Das verstehe ich einfach nicht! Die Stub-Klasse liegt ja im server-Package und sollte doch gefunden werden! Ich habe auch einmal ein ganzes jar-Archiv erstellt und mithilfe der manifest-Datei die Klasse server.Server als Main-Class angegeben. Das Ergebnis ist genau das gleiche (im .jar war Client jedoch nicht drinne).

Folgende Konfiguration habe ich:
OS: Ubuntu 5.10 mit Linux Kernel 2.6.12
JDK: 1.5_05 (installiert unter /usr/java/current/)

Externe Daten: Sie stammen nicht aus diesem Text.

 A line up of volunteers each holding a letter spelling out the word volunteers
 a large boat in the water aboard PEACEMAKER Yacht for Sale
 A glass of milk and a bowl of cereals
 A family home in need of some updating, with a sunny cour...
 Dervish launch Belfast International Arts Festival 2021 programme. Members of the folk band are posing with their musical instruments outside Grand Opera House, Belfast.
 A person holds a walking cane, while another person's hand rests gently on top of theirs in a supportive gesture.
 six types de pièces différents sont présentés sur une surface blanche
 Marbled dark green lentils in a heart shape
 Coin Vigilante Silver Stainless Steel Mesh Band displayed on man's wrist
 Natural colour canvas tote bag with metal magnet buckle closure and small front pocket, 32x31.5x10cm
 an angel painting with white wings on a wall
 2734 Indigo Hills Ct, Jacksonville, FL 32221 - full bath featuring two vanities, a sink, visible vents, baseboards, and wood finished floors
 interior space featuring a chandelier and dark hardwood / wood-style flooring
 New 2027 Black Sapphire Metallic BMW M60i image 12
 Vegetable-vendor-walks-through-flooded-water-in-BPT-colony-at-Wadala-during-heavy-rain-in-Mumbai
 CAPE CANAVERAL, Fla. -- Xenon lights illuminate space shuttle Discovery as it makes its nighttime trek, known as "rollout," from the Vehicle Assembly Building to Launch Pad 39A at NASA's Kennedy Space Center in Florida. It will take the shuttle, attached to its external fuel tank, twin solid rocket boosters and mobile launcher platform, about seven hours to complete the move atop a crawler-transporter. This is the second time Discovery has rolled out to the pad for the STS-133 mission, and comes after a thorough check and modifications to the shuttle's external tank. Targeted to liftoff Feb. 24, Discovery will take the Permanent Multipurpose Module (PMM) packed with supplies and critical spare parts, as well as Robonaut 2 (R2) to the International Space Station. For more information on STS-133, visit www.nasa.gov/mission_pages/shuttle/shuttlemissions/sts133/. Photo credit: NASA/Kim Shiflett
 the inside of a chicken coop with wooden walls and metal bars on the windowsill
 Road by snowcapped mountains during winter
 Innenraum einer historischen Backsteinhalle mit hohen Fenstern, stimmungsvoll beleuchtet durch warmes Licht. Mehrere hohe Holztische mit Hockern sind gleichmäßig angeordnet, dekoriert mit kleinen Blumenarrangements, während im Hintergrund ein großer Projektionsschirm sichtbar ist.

java.policy habe ich mit dem Eintrag "permission java.security.AllPermission;" ergänzt, denn vorher sind immer berechtigungsspezifische Exceptions geworfen wurden.

Mein CLASSPATH ist leer, das müsste aber nichts ausmachen, oder?

Ich habe den Server schon als superuser und als normaler user mit /jre/bin/java und /bin/java ausgeführt, es passiert immer das gleiche.

Kann mir bitte jemand helfen? Ich bin am durchdrehen (gestern ist das Teil noch gelaufen)!!!

EDIT:
Ich habe das ganzen auch schon auf meiner Windows-Kiste versucht! Da wurden genau die gleichen Exceptions geworfen (identische JDK- und policy- Konfiguration).


----------



## Bleiglanz (8. Jan 2006)

rmic common.Summierer

(du brauchst stub und skeleton für all das, das "übers kabel" geht")


----------



## paedubucher (8. Jan 2006)

Bleiglanz hat gesagt.:
			
		

> rmic common.Summierer
> 
> (du brauchst stub und skeleton für all das, das "übers kabel" geht")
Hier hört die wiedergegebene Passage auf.